Exercise description> The answer is the line with "I haven't added" and every line after it to the end of the listing, retyped exactly. Pictures do not belong in it.

Task data>

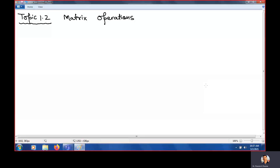Hello students. In this lecture, we will study topic 1.2, and topic 1.2 is matrix operations.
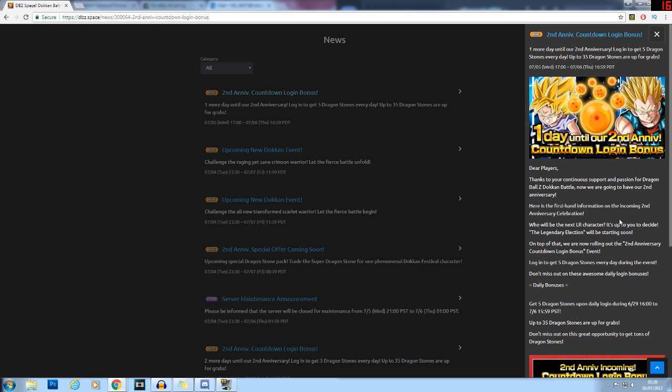When it comes to the unit you should vote for, I would honestly recommend LR Black and Zamasu just because they are probably the funnest LR to use, because of how different they are in comparison to LR Gohan or Super Saiyan 4 Goku. It's not to say that LR Black and Zamasu can't one shot majority of the stages, it just takes them a bit of time to get to that point.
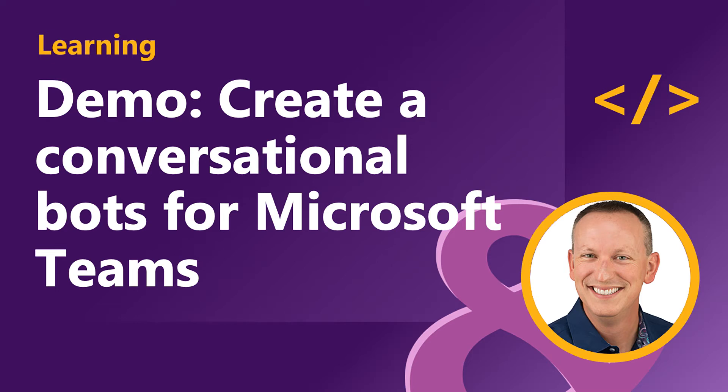In the last video you saw how to register a bot with the Microsoft Bot Framework in Microsoft Azure and associate it with an Azure AD application. In this video you're going to see how to add a new bot to a Microsoft Teams app and activate it from the Teams client after installing it into Microsoft Teams.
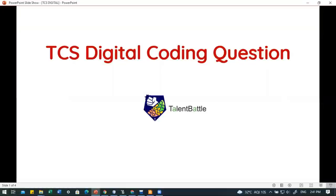Hello everyone, I am Rohit from Talent Battle. Welcome to our new video. In this video we are going to check the previous year TCS Digital advanced coding question. As we know TCS Digital is planning to hire 2022 batch students, so this video will help you to prepare for it.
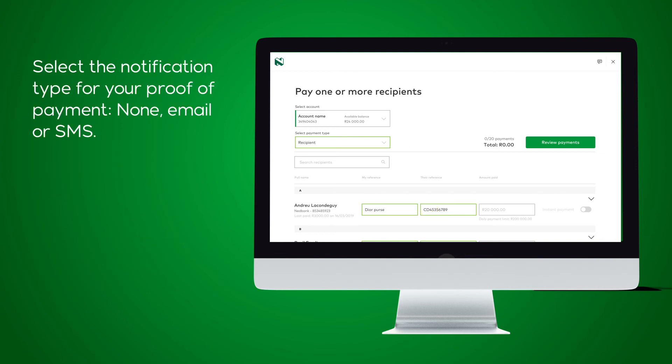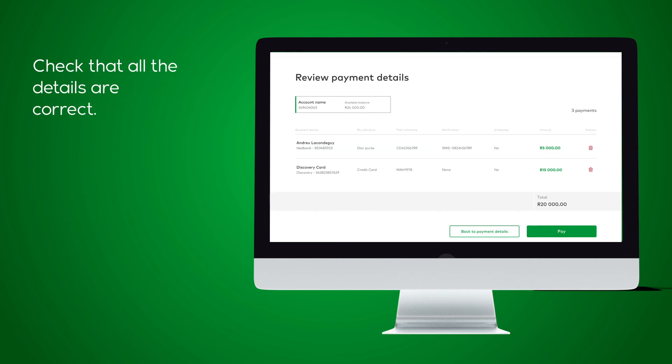Select the notification type for your proof of payment: none, email or SMS. Select Review Payment. Check that all the details are correct, then select Pay.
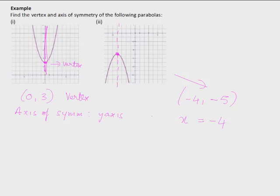Once we do know the vertex and axis of symmetry, it should be very easy to draw the parabola, because we know the vertex is the lowest or highest point and the axis of symmetry divides the parabola into two halves. Knowing the vertex and axis of symmetry captures a lot of information about the parabola.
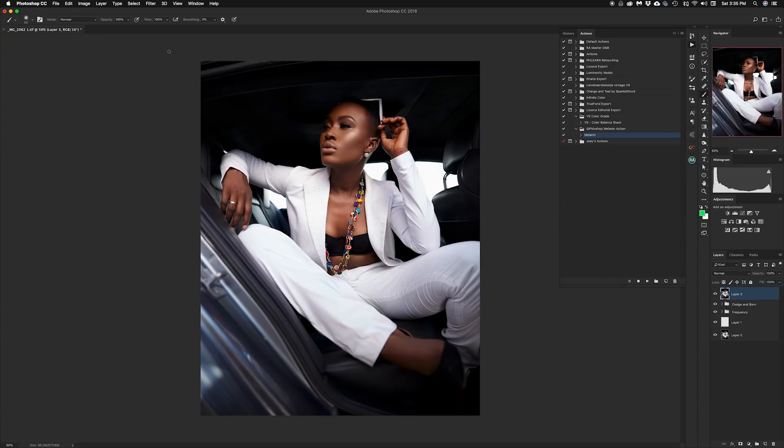Hey guys, welcome to a new video here on Flow Shop. My name is Joseph. In today's video I'm going to be showing you how I color grade my images using gradient maps. I use a variety of tools inside of Photoshop — there are so many ways of doing the same thing, but depending on my mood I use color balance, curves, or luminosity masks. Today we're going to be dealing with gradient maps.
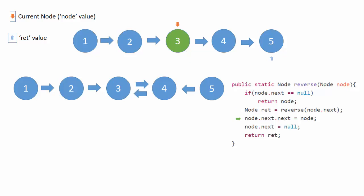We continue with the same process: node.next.next equals to node, and node.next equals to null, nullifying this pointer. We return ret, which is still equals to this node.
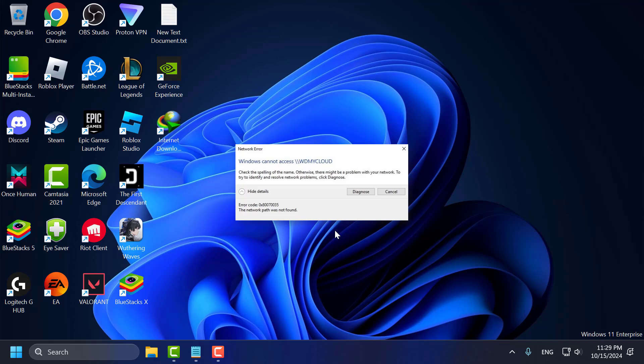Hello guys, welcome to my channel. Today we are going to see how to fix error code 0x80070035 — the network path was not found in Windows 10 or Windows 11. Let's fix it guys.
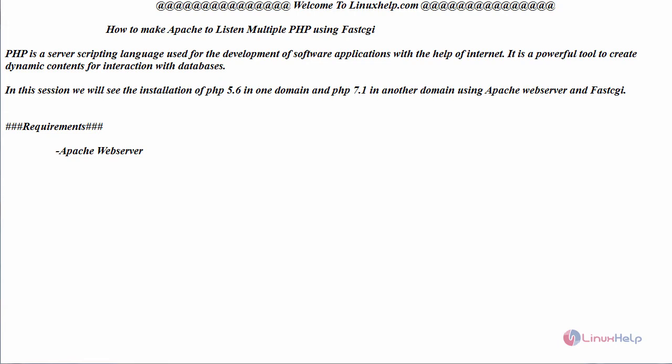Hello everyone, welcome to linuxhelp.com. Today we are going to see how to make Apache web server listen to multiple PHP versions using FastCGI process.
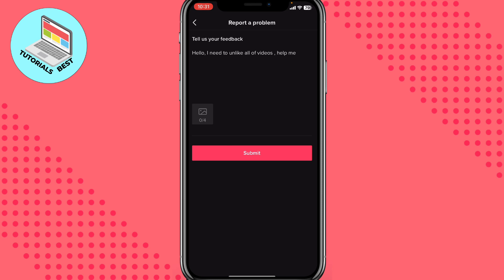We can also explain our problem to make TikTok support understand why do we need this. We can also add some screenshots, we can add some for example our liked videos there. After that, all you need is just to click on Submit.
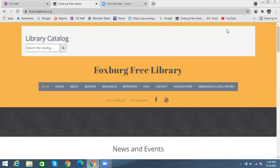Hi, everyone. This video is going to show you how to use a database called the Directory of Open Access Journals. This database is for anyone interested in doing really in-depth research, especially if you're in high school or college. This can be a really good free resource for people in those fields, and also for anyone who wants to get really in-depth into some research. You can find that database basically free online, but we also have it linked on our website as well.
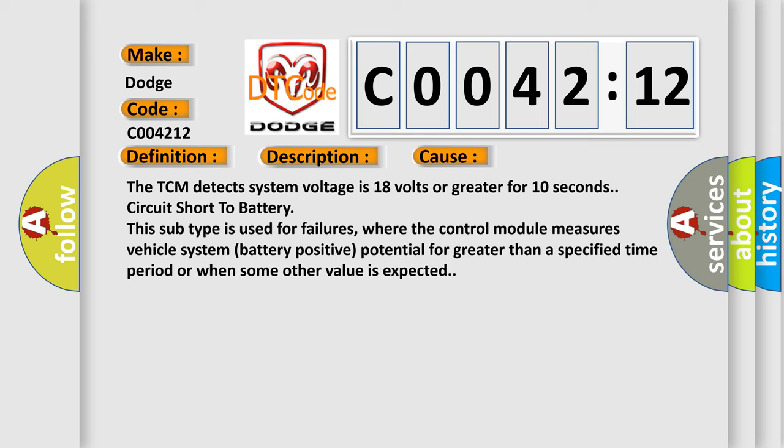The TCM detects system voltage is 18 volts or greater for 10 seconds circuit short to battery. This subtype is used for failures where the control module measures vehicle system battery positive potential for greater than a specified time period or when some other value is expected.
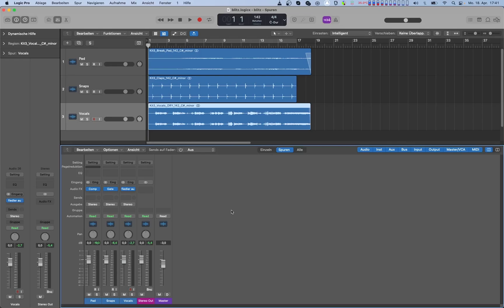In our example session we have recordings of a pad, snaps, and vocals. Let's have a quick listen.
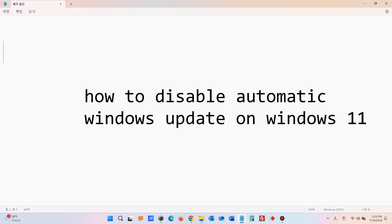Here is how to stop automatic driver updates on Windows 10 and Windows 11. Let's turn off the automatic Windows 11 driver update.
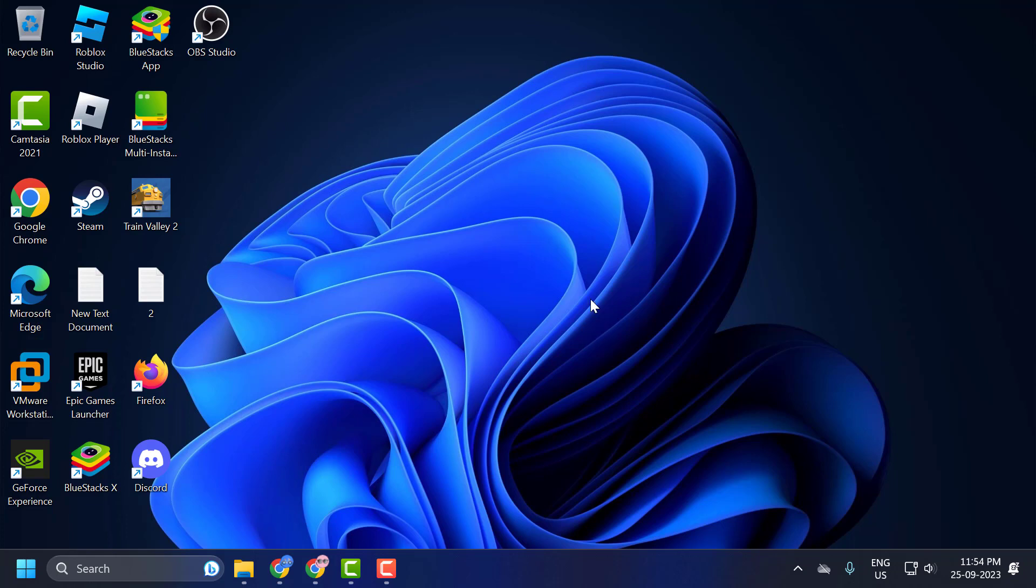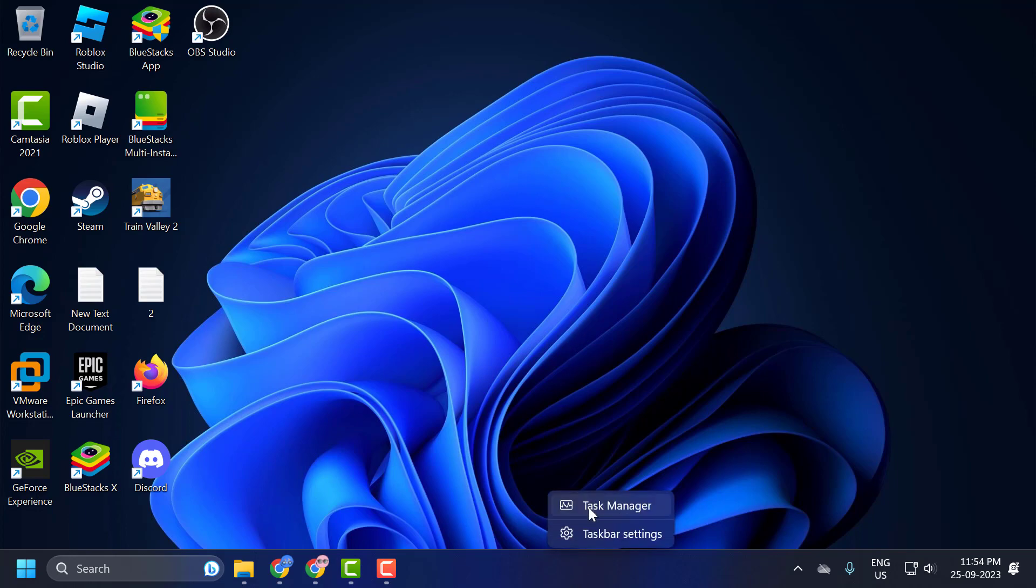Let's fix it guys. First thing I recommend opening Task Manager. Right click on the taskbar and select Task Manager.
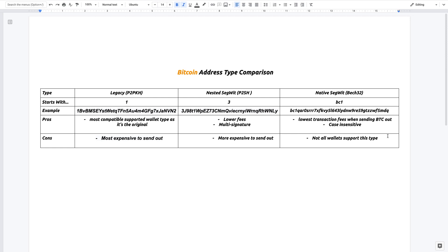Now the con is that not all wallets support this type just because they haven't moved their systems or their software to support this type.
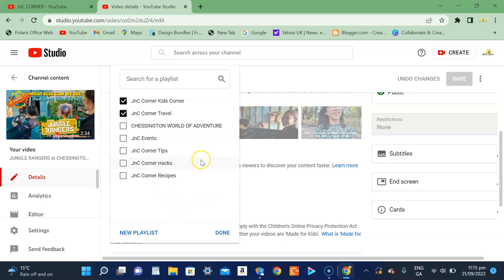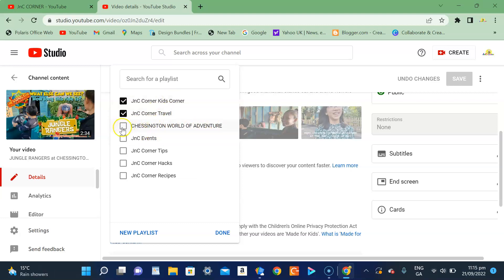I haven't added it to the Chessington World of Adventure, so you can see that it's already here in the playlist. It's one of the options, so just click.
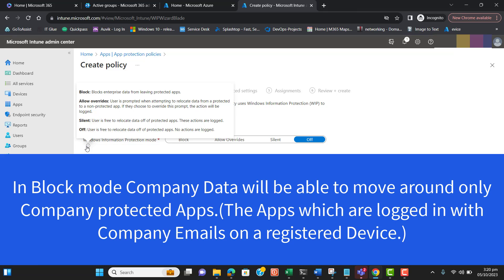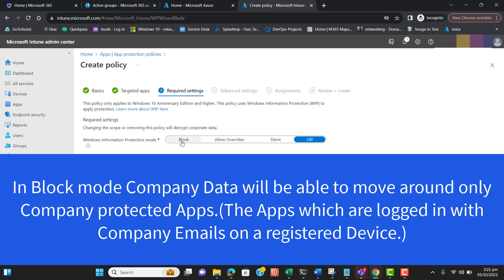In Allow Override mode, users are prompted when attempting to move data from a protected to a non-protected app. If they choose to override the prompt, that action will be logged in Intune logs. In Silent mode, users are free to move data out of protected apps, but all actions are still logged. I suggest selecting Block for complete restriction, so data will only move within company apps associated with the user's email. Hit Next.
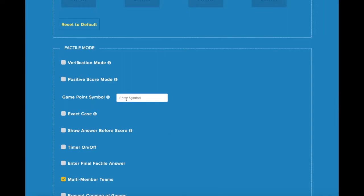The default symbol is a dollar sign. If you want to change that, type in whatever symbol you'd prefer to use, or if you'd rather not have it at all, you can remove it completely.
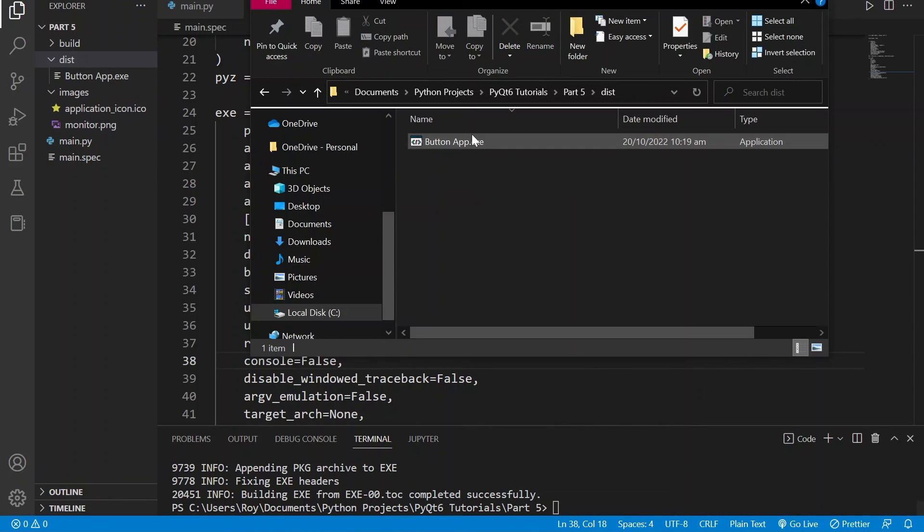And now we can see that we have a single application with the icon we specified and it runs as expected.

Your solution>
I haven't added it to the Chessington World of Adventure, so you can see that it's already here in the playlist. It's one of the options, so just click.
In Allow Override mode, users are prompted when attempting to move data from a protected to a non-protected app. If they choose to override the prompt, that action will be logged in Intune logs. In Silent mode, users are free to move data out of protected apps, but all actions are still logged. I suggest selecting Block for complete restriction, so data will only move within company apps associated with the user's email. Hit Next.
The default symbol is a dollar sign. If you want to change that, type in whatever symbol you'd prefer to use, or if you'd rather not have it at all, you can remove it completely.
And now we can see that we have a single application with the icon we specified and it runs as expected.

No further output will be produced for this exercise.